■ Available data:
▬▬▬

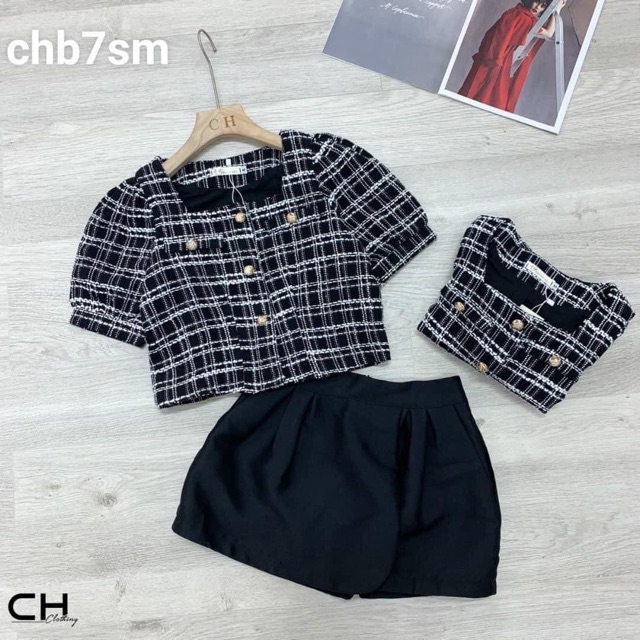 Áo khoác dạ ngắn kẻ đen cổ  | BigBuy360 - bigbuy360.vn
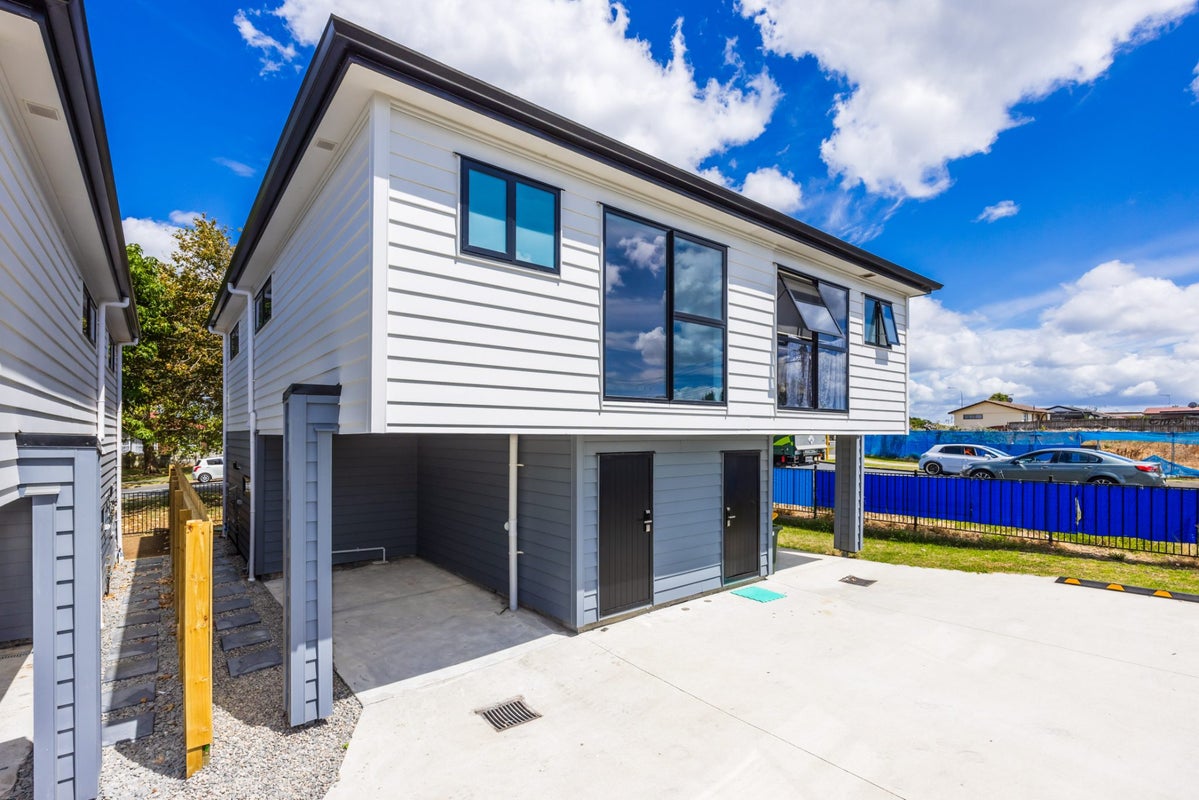 2/2 Donnell Avenue, Favona, Manukau City, Auckland - Carousel 1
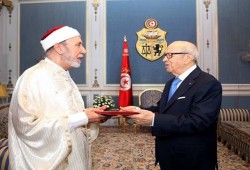 بعد إجازته زواج المسلمة من غير المسلم والمساواة في الميراث.. مطالبات بعزل مفتي تونس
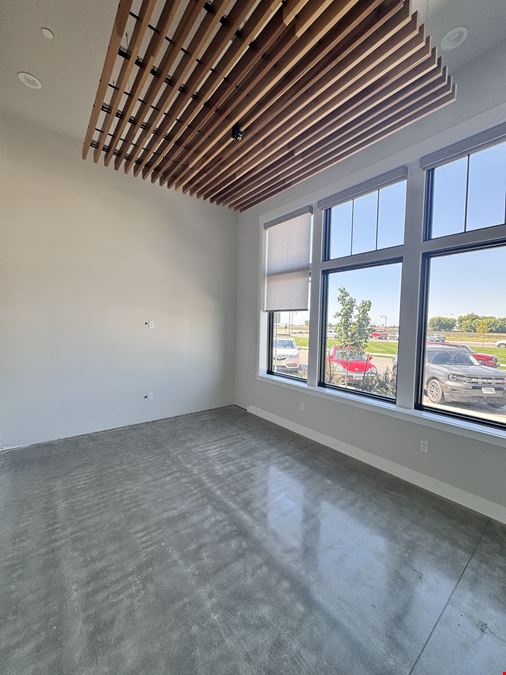 Annafeld Office Space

▬▬▬

■ Directions for this task:
Could you output the entire listing verbatim while omitting its pictures?

■ Solution for this task:
 Áo khoác dạ ngắn kẻ đen cổ  | BigBuy360 - bigbuy360.vn
 2/2 Donnell Avenue, Favona, Manukau City, Auckland - Carousel 1
 بعد إجازته زواج المسلمة من غير المسلم والمساواة في الميراث.. مطالبات بعزل مفتي تونس
 Annafeld Office Space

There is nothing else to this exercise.